Copy out each line from the material where the word "Cotton" is found.

▸ **DATA SHOWN**
*****

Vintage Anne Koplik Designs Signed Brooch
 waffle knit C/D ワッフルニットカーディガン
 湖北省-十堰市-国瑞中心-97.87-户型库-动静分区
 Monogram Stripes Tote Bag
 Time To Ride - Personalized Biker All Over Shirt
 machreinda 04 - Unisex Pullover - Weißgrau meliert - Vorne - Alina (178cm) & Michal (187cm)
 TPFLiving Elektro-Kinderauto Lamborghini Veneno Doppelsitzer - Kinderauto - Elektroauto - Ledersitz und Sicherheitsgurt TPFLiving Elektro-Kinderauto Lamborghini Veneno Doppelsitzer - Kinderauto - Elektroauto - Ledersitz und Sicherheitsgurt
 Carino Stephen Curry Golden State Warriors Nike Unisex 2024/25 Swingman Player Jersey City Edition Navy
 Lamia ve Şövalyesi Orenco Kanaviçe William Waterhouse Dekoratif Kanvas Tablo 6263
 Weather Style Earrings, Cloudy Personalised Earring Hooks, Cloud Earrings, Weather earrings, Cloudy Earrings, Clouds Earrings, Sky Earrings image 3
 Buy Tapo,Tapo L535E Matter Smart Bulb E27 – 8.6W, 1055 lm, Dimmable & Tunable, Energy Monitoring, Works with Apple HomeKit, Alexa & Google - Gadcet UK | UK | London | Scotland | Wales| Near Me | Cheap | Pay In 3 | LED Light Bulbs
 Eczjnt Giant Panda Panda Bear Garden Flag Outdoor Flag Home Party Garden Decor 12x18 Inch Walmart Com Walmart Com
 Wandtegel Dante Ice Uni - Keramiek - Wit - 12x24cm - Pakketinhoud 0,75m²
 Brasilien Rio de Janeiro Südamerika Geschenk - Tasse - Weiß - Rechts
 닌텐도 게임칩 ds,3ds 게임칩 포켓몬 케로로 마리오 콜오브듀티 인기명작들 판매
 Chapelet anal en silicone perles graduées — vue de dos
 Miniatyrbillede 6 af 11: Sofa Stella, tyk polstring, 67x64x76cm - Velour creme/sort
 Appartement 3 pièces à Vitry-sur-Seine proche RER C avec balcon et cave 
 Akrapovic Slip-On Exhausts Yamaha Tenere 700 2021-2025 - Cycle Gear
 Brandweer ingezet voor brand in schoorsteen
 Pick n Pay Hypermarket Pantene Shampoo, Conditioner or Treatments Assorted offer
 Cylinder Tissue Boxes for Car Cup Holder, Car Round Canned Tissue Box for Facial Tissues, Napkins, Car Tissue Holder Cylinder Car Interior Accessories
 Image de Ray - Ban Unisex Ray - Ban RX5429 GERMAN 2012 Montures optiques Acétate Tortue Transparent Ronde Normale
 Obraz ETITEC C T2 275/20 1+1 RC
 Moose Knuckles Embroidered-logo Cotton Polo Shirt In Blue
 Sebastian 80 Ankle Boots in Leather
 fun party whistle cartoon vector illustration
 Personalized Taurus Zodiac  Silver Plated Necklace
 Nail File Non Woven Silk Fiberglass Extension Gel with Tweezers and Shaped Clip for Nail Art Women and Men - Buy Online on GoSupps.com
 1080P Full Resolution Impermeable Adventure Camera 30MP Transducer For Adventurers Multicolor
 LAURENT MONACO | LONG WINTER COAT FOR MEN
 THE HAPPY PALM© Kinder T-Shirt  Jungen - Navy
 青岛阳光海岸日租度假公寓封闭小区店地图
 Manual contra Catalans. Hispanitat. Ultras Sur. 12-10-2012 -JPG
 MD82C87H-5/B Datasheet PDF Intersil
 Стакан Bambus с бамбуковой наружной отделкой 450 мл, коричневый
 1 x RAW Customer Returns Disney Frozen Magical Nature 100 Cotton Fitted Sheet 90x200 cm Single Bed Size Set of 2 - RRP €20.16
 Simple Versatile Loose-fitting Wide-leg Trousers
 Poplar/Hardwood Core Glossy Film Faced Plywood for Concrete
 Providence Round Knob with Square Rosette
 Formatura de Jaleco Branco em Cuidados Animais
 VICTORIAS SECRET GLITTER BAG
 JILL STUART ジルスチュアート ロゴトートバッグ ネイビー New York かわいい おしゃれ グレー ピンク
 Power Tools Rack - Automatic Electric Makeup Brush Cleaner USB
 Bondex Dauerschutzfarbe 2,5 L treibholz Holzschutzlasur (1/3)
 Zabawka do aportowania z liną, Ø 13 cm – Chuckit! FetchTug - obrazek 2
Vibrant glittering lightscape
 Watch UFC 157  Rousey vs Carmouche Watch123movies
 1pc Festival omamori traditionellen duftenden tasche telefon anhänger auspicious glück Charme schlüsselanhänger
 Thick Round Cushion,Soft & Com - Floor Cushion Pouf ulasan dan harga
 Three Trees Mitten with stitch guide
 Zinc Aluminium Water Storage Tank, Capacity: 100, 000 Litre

*****

▸ **REPLY**
 Moose Knuckles Embroidered-logo Cotton Polo Shirt In Blue
 1 x RAW Customer Returns Disney Frozen Magical Nature 100 Cotton Fitted Sheet 90x200 cm Single Bed Size Set of 2 - RRP €20.16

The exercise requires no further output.